Connected Home and the web of screens

In attending and speaking at the Connected Home Global Summit 2011 in London last week I was introduced to, at least parts of, the industry of the connected home. With an emphasis on media the conference made a pretty good job at conveying the state of the industry.

The focus was definitely on tablets as the second screen of choice. Not surprising.

What is surprising is that no-one seem to focus on performance. We are adding features en masse to the wall mounted screen at home, yet, your average connected TV at home is slow beyond comparison.

The one manufacturer that actually takes the leap of faith and produces a "snappy" TV experience will win. Not only the consumers but also the developers. As we all know, it is the developers you want. As history will tell you, this happend to the mobile industry with the advent of the iPhone and will happen to the TV industry as well. This is obviously not only up to the TV manufacturer as we are expecting more and more of the content to be delivered OTT and we need to ensure that end-to-end delivery of content has the quality of experience that we are all expecting.

Do let me know if you know about a TV platform that I ought to check out based on it's performance in combined execution speed and openness for developers.

Being about the Connected Home there was a lot of presentations with a focus on what operators and manufacturers have in their current portfolio.

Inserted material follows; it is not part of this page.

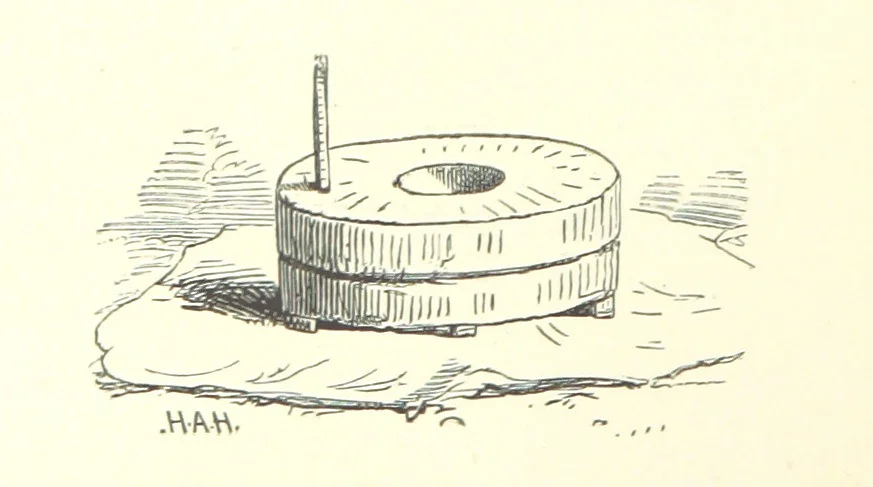 An illustration from Illustrated letters to my children from the Holy Land. Eastern manners and customs depicted in ... sketches from life, 1880, leaf 40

A lot less of forward looking predictions.

My prediction is that we will see a Web of Screens, taking off in the research around Web of Things. When all screens are connected to the web we all of a sudden need much more sophisticated discovery and control functions than is currently in place in DLNA or other offerings such as AirPlay.

This will take a fundamental understanding of which screens that are relevant for you in any given context. If implemented right, perhaps we will actually lose the cable and get to the point where we are truly Un-Connected.

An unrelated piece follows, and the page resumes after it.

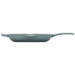 Le Creuset Enameled Cast Iron Signature Sea Salt Square Skillet Grill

Thursday, February 10, 2011

Notes from the second W3C Web+TV workshop

I've now spent two days in Berlin at Fraunhofer FOKUS for the second W3C Web+TV workshop. For me, this is an eye-opener. Bringing the Web and TV world together is not without struggle, although at a distance it looks so easy.

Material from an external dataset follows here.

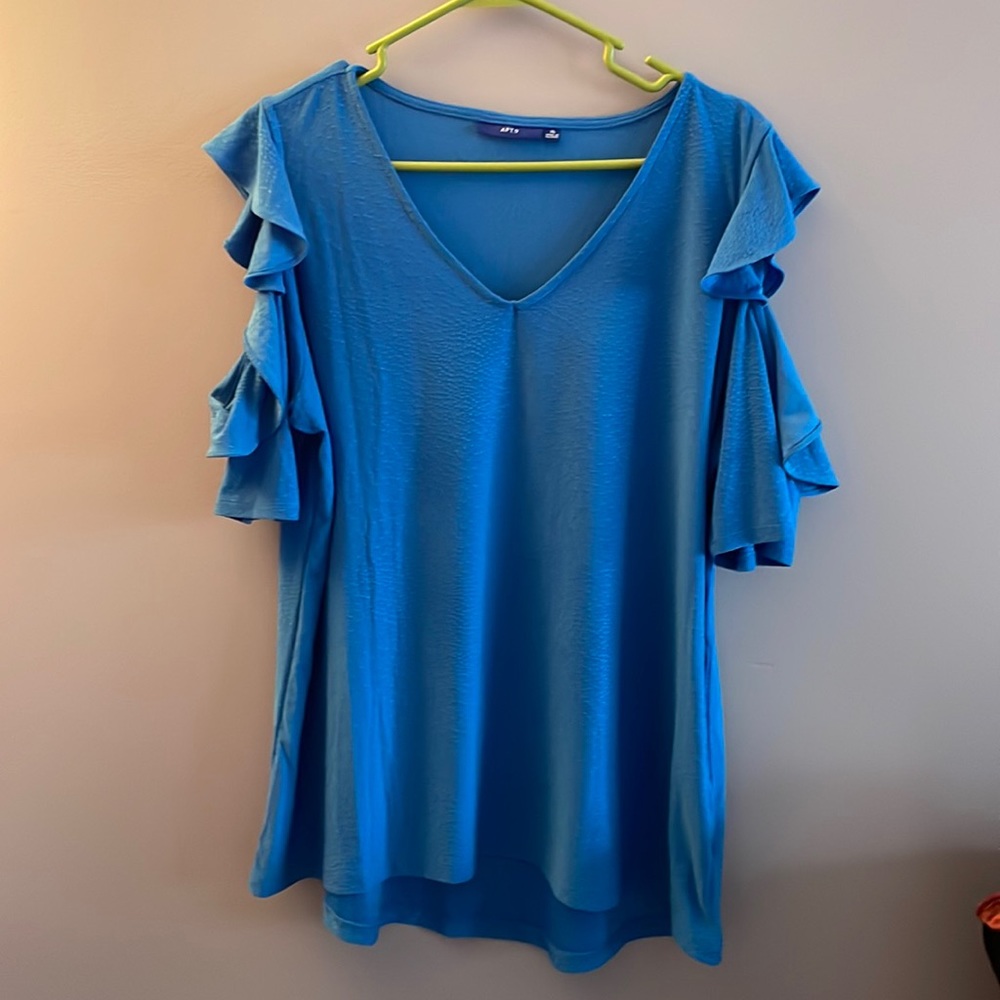 Cold Shoulder Top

Web technologies in your TV has been around for some 10 years, mostly unnoticed by the end-user. There are some real attempts at bridging this from most of the major manufacturers and obviously the GoogleTV platform that is first being delivered by Sony.

The workshop addressed many different areas from basic use cases, adaptive streaming, content protection to accessibility discussions.

There was much discussion about the "second screen" or actually any other screen but the TV set itself. Most of these presentations revolved around how these other screens could be synced with the content being displayed on the main TV set. In practice, letting the broadcaster ensure that you get an inclusive experience related to the programming you are watching at the moment.

The second screen is also being viewed as the remote control going forwards. What I liked very much was the open discussion about API:s, allowing web (or other) applications to start controlling your TV experience. When put into practice it would potentially enable web services like tv.nu to change the channel on your set.

Given the number of business models and the way the TV manufacturers are developing their products, I am starting to believe that the TV industry, as a whole, will very quickly adopt HTML5 as their platform of choice. Many already has. In doing so being a quick driver of the adoption of web widgets, device API:s, web notifications and so on.

The problem at hand here is that the TV industry likes very stable specs since a TV set will not get more than a few software updates and that is only to fix critical bugs.

Once there, the web as a platform for your TV is a very promising one where the services and applications for your TV will be in a position to evolve as quickly as the developer wants them to. Adhering to a web platform also, somewhat at least, removes fragmentation issues as everyone is set on one platform.

A lot of suggestions for new features and API:s that look encouraging; multi-track support, trick-modes, recording, downloading, home networking (device and service discovery), real-time communications.

A fundamental question is how the user will react to having the web and TV merged. The TV audience is used to a TV that always works, is stable and does not prod you with strange messages. I am wondering if the tolerance for configuring things (such as privacy, security questions) when presented to the user through the TV will change as we move towards smarter TV:s.

All in all, it looks like we have a very interesting future ahead, coming soon to a TV near you. If you are interested I urge you to join the W3C Web and TV Interest Group.